During antebellum years, slaves cleared primeval cypress swamps, making Georgetown a hub for vast plantations whose indigo dye and “Carolina Gold” rice created one of the richest cities in America. But the social and economic upheaval of the Civil War was compounded when a series of hurricanes obliterated the levee system that enabled rice cultivation. That was followed by the fire sale of plantations to northern industrialists and various ill-starred enterprises.
“First it was marketing hunting,” said Tee Miller, Georgetown’s economic development director, who owned the building that housed Walters. “Come down and slaughter all our wildlife. Then it became fish out all the sturgeon for caviar and deplete our fisheries.”
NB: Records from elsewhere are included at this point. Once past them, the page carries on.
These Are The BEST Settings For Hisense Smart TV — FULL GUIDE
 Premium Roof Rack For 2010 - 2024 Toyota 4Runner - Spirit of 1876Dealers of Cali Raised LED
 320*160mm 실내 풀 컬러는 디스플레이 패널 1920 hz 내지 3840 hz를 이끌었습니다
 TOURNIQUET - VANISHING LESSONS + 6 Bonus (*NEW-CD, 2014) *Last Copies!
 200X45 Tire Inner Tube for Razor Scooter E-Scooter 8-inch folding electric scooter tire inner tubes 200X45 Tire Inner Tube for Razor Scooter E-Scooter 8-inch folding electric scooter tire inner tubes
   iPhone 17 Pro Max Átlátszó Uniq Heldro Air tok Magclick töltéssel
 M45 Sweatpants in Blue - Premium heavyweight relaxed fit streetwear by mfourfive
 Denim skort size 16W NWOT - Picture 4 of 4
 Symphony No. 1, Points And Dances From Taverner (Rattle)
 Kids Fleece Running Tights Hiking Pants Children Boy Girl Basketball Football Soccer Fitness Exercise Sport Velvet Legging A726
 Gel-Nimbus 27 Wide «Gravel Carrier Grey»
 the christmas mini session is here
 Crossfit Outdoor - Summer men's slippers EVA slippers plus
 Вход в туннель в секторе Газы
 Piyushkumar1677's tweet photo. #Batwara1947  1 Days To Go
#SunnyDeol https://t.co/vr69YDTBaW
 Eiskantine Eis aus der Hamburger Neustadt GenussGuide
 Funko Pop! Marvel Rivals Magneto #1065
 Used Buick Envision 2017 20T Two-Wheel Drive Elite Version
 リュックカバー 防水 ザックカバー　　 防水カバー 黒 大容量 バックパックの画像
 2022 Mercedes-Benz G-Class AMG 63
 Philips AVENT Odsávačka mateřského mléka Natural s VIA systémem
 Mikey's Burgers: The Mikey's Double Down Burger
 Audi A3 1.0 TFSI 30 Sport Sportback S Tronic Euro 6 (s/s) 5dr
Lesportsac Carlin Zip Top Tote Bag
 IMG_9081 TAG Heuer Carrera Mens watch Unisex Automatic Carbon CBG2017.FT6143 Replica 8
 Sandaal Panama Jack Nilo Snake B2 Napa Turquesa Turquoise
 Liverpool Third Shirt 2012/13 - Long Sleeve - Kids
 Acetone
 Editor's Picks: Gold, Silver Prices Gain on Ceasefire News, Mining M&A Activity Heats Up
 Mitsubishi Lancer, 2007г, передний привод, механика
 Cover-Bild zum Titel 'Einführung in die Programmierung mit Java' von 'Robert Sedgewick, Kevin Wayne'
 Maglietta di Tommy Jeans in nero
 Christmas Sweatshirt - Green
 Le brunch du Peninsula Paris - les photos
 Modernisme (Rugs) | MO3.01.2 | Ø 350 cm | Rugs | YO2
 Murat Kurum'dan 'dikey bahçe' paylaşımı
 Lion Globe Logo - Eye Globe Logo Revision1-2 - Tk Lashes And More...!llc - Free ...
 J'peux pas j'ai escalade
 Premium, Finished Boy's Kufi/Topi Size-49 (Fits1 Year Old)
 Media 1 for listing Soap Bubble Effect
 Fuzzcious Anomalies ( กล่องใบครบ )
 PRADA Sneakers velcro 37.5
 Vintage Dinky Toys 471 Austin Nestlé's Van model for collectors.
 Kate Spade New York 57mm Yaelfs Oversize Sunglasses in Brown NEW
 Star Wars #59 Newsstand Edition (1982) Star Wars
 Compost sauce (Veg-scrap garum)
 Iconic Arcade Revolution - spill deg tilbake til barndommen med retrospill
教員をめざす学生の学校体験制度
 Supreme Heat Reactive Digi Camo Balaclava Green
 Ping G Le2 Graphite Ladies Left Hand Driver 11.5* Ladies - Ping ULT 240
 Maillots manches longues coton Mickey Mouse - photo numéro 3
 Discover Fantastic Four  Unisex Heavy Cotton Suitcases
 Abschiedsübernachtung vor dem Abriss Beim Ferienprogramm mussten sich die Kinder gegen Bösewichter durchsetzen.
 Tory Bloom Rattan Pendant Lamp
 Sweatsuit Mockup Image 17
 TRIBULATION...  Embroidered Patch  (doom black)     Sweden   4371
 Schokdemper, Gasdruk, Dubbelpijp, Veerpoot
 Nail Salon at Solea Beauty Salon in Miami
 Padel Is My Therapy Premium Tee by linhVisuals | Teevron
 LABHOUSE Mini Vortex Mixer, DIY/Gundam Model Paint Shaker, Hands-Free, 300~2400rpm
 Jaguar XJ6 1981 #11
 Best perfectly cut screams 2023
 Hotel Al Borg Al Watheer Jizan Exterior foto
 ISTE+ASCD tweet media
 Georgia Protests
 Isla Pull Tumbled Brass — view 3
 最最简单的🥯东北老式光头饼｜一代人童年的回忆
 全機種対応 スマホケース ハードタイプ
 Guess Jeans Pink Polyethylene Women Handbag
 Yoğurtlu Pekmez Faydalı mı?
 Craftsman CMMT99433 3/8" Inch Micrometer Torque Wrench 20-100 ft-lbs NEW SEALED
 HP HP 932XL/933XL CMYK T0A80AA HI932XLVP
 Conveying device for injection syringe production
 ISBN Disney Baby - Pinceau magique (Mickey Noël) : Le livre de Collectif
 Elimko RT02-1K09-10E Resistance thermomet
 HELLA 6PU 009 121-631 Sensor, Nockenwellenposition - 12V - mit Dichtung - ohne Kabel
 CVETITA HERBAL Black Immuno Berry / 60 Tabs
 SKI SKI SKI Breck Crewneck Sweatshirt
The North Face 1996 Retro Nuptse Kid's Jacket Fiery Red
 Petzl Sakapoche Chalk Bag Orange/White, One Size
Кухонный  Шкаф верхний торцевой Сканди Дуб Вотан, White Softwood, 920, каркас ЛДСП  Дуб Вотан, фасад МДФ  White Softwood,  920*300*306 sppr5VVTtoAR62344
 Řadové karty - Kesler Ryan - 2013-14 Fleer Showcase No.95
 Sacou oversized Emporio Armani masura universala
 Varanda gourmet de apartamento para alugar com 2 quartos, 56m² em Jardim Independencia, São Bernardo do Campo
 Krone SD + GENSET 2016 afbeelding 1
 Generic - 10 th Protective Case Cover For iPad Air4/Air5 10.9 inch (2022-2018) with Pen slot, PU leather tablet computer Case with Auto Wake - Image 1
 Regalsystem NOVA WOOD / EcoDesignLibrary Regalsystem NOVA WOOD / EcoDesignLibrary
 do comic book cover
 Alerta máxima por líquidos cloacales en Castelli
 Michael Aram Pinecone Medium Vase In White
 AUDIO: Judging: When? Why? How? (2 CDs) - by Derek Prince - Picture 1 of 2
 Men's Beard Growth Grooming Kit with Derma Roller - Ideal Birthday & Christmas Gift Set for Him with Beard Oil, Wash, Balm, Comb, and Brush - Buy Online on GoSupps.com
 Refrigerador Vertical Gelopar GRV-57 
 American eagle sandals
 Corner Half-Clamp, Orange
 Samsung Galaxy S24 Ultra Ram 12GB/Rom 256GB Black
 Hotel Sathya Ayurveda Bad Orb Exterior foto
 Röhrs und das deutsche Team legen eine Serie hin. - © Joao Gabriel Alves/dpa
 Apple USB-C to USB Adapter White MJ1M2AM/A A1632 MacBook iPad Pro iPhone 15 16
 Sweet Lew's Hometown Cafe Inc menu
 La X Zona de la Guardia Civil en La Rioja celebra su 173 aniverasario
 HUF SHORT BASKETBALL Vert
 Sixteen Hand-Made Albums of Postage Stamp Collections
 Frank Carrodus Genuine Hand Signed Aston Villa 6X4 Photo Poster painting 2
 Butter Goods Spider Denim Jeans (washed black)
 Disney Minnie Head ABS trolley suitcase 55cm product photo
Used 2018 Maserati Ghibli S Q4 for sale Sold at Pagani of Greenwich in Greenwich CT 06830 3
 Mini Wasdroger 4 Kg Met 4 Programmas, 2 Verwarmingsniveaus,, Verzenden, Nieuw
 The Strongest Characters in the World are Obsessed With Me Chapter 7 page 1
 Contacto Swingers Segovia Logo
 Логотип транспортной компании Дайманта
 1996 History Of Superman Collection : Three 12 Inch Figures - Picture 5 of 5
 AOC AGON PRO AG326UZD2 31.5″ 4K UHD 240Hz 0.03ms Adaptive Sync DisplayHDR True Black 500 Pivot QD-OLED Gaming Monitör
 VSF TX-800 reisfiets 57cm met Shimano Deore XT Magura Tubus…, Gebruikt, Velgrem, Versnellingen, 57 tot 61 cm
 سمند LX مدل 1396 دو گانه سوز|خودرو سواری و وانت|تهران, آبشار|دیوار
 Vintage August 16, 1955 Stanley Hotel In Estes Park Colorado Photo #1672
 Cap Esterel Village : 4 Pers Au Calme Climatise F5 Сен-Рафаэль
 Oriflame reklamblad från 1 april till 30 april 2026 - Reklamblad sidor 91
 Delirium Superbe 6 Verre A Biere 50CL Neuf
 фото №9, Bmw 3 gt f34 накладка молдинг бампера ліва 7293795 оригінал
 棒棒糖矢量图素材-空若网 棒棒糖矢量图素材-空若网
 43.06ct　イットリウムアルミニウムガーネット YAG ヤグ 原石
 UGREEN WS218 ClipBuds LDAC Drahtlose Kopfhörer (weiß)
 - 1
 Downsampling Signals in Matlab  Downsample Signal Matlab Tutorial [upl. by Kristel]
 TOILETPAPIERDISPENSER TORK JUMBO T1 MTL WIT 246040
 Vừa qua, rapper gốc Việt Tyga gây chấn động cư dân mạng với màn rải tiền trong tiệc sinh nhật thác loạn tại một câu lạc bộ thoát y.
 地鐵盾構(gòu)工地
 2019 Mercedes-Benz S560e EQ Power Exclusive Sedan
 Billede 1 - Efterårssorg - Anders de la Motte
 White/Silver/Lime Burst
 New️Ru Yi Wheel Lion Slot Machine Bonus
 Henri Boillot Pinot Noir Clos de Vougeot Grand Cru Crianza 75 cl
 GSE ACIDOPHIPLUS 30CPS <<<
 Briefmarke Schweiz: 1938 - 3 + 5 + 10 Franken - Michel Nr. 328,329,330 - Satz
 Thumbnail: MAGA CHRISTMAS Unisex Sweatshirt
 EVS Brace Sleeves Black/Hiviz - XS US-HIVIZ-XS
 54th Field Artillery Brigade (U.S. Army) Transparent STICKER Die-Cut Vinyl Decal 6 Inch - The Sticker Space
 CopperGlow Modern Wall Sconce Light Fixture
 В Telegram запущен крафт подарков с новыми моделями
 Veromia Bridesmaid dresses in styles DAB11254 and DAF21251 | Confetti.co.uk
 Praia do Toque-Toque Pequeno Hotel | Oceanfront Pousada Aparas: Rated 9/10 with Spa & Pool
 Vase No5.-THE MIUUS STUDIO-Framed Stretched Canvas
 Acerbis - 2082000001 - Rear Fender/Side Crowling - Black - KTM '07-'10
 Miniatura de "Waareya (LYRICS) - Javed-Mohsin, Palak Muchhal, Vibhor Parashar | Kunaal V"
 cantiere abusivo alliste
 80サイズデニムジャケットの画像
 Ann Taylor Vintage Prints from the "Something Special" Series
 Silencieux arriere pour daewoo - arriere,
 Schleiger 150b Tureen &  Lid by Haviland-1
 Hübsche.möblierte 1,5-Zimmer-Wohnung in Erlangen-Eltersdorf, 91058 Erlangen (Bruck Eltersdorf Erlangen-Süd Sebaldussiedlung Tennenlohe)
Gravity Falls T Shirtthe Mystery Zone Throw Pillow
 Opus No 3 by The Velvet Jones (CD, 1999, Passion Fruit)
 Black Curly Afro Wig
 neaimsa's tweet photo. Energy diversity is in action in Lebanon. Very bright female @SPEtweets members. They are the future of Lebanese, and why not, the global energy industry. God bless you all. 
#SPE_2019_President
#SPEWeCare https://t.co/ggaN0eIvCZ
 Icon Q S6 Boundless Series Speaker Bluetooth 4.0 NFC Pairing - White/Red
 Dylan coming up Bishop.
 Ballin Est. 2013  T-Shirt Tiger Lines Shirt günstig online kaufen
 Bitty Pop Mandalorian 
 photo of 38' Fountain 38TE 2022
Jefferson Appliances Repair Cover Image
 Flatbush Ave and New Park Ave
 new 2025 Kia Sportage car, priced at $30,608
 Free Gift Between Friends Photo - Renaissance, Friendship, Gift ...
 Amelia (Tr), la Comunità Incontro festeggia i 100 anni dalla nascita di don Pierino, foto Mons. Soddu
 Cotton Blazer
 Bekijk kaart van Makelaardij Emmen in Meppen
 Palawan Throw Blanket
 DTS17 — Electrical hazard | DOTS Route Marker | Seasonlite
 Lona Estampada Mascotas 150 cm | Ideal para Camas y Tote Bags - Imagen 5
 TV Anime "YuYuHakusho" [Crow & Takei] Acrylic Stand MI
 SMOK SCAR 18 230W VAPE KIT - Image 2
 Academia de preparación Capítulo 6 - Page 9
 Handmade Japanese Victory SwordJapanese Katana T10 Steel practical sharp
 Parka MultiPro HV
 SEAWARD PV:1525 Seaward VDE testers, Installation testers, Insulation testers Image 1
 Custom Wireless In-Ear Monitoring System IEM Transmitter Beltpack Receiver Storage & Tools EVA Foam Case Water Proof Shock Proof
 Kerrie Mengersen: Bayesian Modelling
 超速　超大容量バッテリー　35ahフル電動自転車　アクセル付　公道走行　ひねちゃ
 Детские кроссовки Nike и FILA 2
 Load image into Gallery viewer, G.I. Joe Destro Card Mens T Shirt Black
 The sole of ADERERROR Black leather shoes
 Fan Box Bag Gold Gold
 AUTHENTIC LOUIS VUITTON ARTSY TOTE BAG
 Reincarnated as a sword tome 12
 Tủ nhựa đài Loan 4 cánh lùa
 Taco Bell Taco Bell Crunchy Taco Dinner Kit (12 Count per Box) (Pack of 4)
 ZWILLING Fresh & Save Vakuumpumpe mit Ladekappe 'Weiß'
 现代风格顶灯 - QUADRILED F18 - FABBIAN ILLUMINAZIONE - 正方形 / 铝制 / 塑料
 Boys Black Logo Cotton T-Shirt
Georgetown became a booming sawmill town in 1903 and for much of the past century was dominated by two manufacturers, International Paper, which in 1937 opened one of the world’s largest pulp mills, and the Georgetown Steel Co., which opened in 1969. These factories generated jobs, while their pollution created contention. A rusty oxide dust that stained downtown houses, cars and boats came from the steel mill, and the paper mill’s emissions of volatile organic compounds could blanket the town with a rotten egg smell.
International Paper today steadily employs just over 600 people, down from 1,000. But the steel mill, which once employed over 1,300, went bankrupt and closed in 2003, and then reopened in 2004. It has since closed and reopened, but employment hovers around 250.
And while Myrtle Beach and the Grand Strand farther up the coast have boomed in the last 30 years, Georgetown’s population declined from 14,000 in 1960 to just above 9,000 today. Through the 1970s, downtown storefronts along Front Street emptied. According to Councilwoman Jeanette Ard, whose flower shop and apartment were destroyed by the fire, “There was a time you could have fired a cannon down Front Street and not have hit a car or a person.”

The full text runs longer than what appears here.